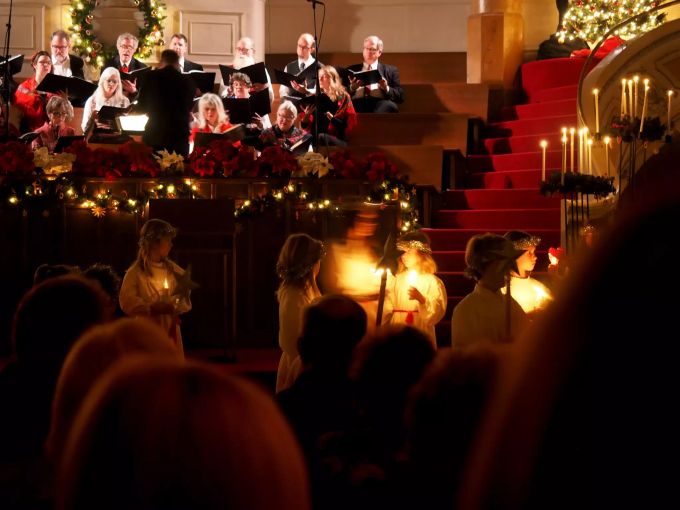 Die Weihnachtsmessen werden jedes Jahr gut besucht. Weihnachtsmesse
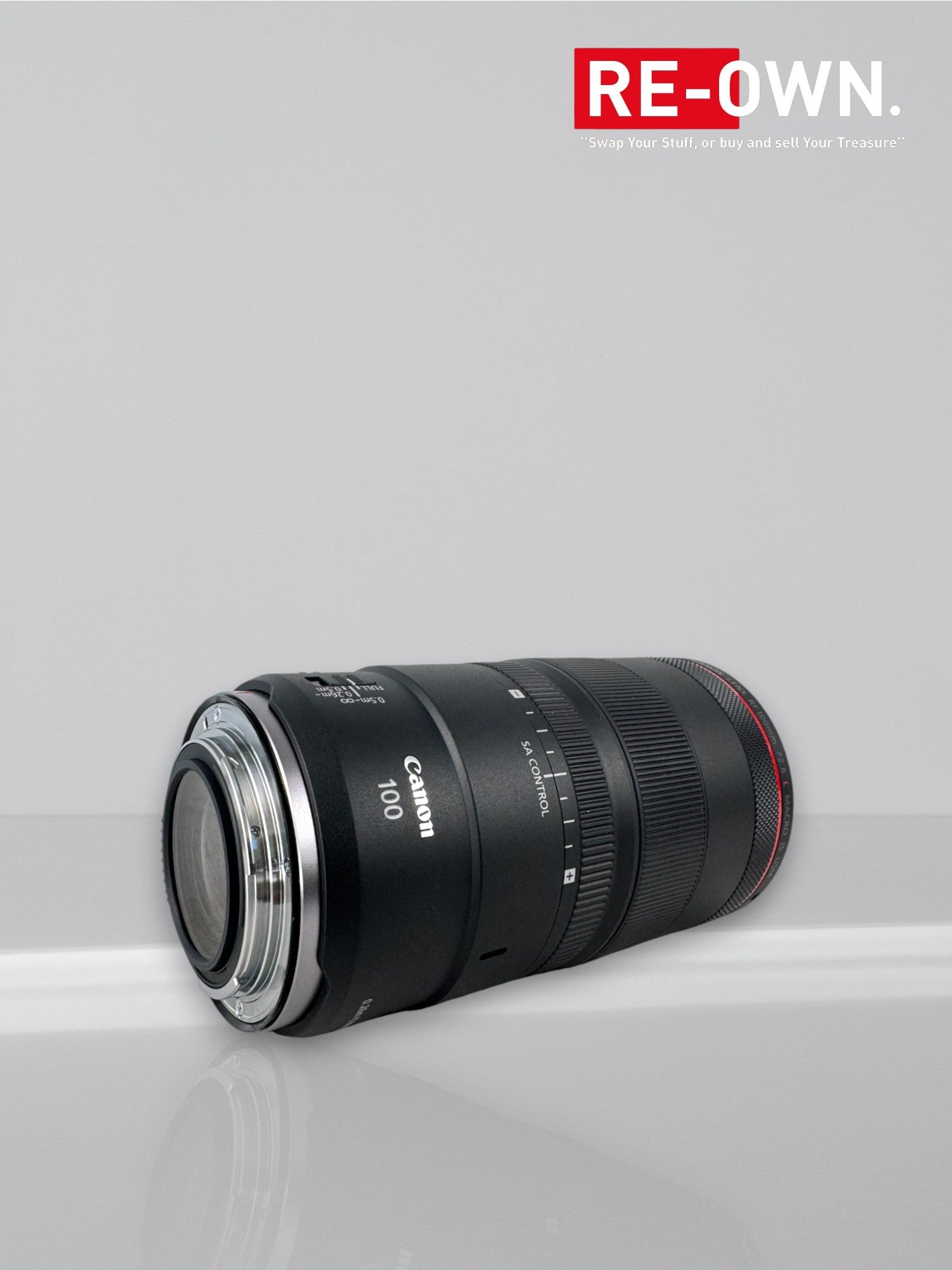 Canon RF 100mm f/2.8L Macro IS USM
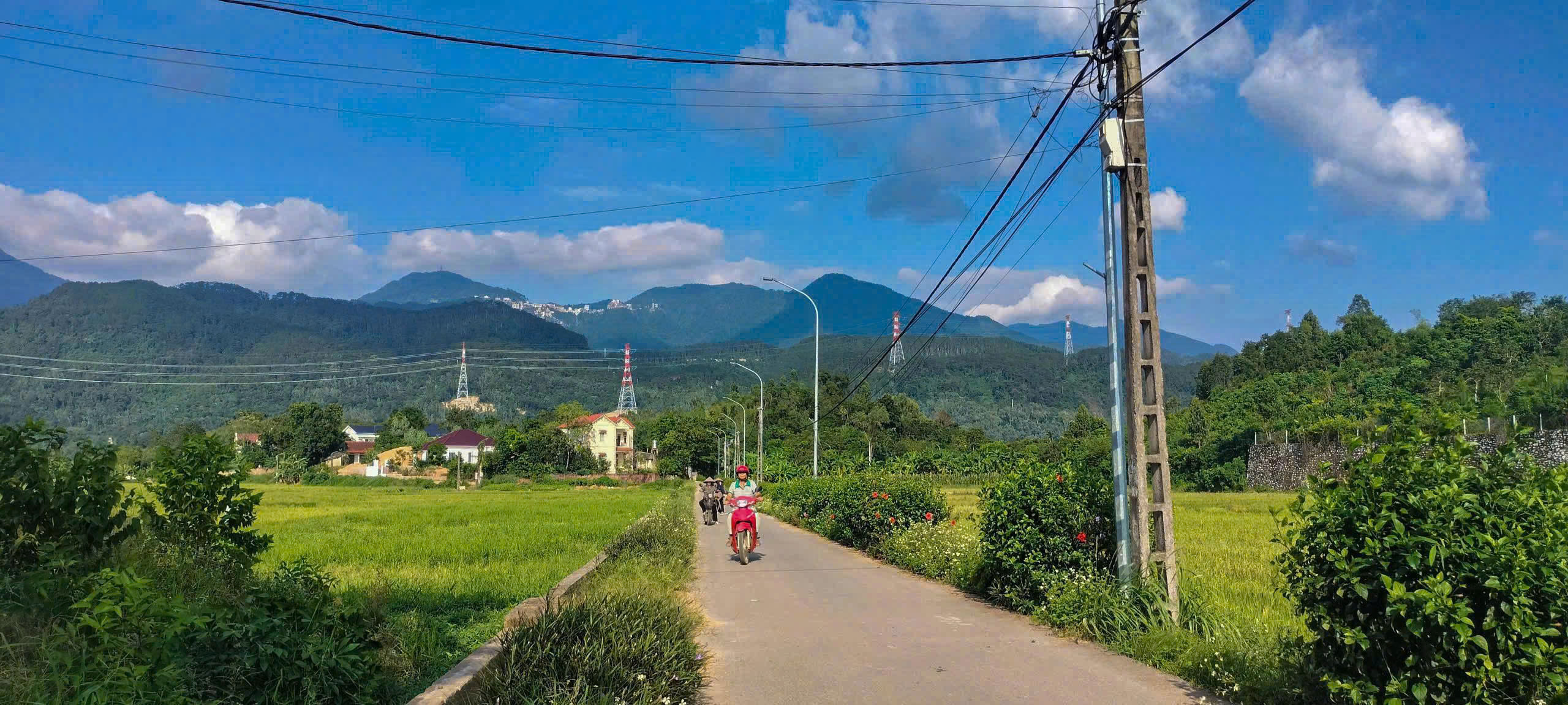 Tam Đảo lấy hạ tầng mở kh&ocirc;ng gian ph&aacute;t triển, n&acirc;ng chất n&ocirc;ng th&ocirc;n mới  - Ảnh 4.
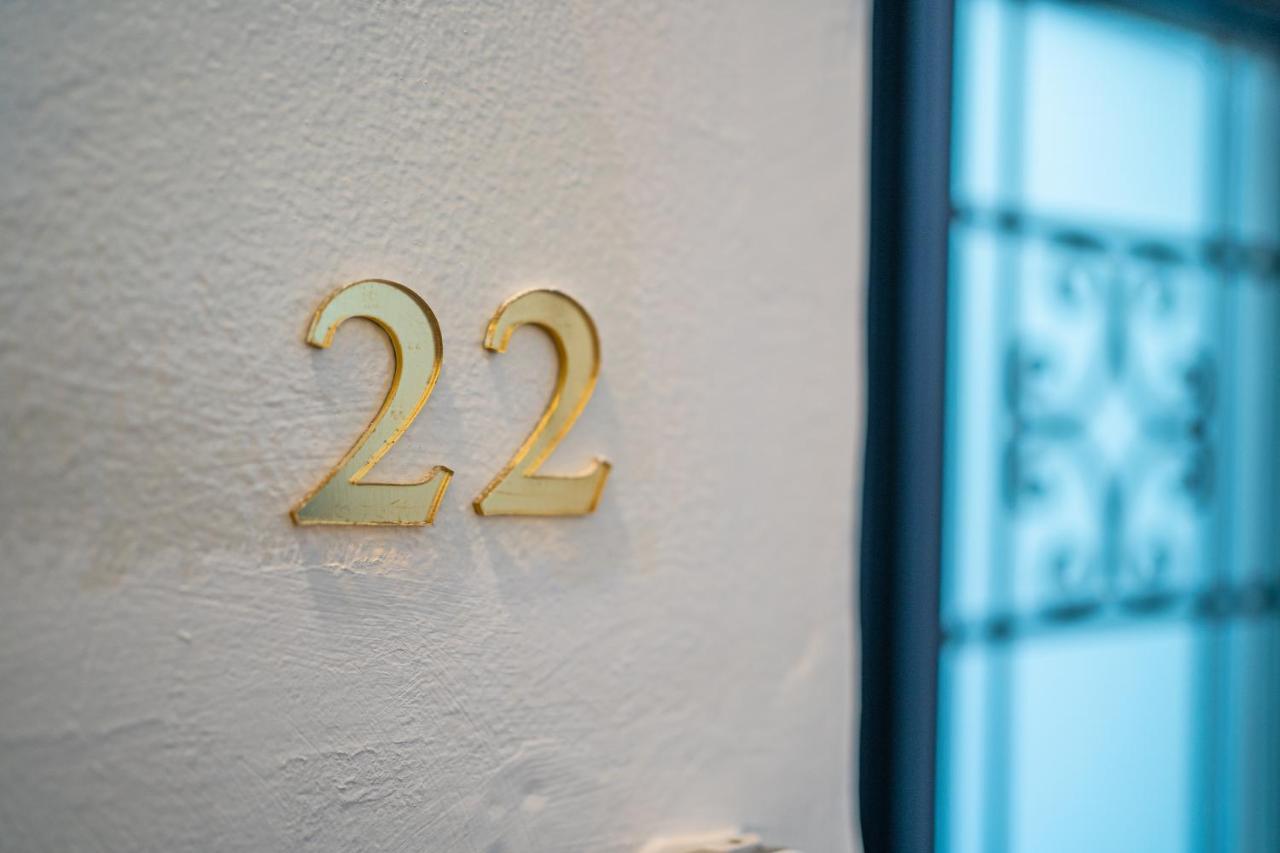 Windows On Netanya Luxury Penthouse Downtown Apartment Luaran gambar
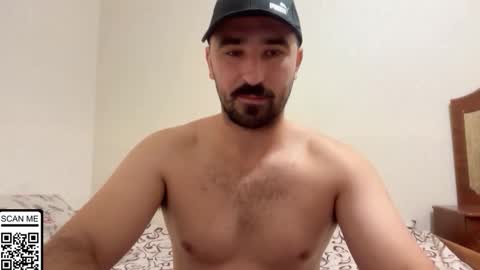 Snapshot of hard_to_obey chatting on 10/13/25, 05:57 Vadim online show from 10/13/25, 05:57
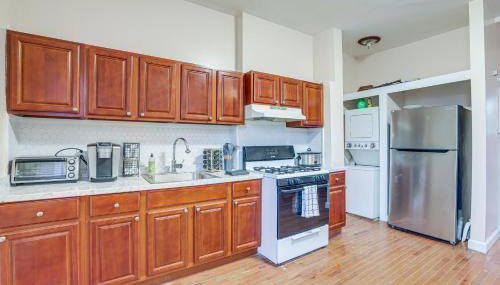 Comfy Bayonne Townhome about 11 Mi to NYC Attractions - Foto 2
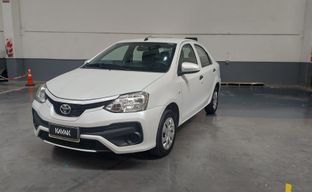 Toyota • Etios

•••••

#### WHAT IS BEING ASKED:
Only an exact copy belongs in the answer: the lines from the one containing "Canon RF 100mm f/2.8L Macro IS USM" through the end of the records, both ends included, minus the pictures.

#### OUTPUT FOR THIS EXERCISE:
 Canon RF 100mm f/2.8L Macro IS USM
 Tam Đảo lấy hạ tầng mở kh&ocirc;ng gian ph&aacute;t triển, n&acirc;ng chất n&ocirc;ng th&ocirc;n mới  - Ảnh 4.
 Windows On Netanya Luxury Penthouse Downtown Apartment Luaran gambar
 Snapshot of hard_to_obey chatting on 10/13/25, 05:57 Vadim online show from 10/13/25, 05:57
 Comfy Bayonne Townhome about 11 Mi to NYC Attractions - Foto 2
 Toyota • Etios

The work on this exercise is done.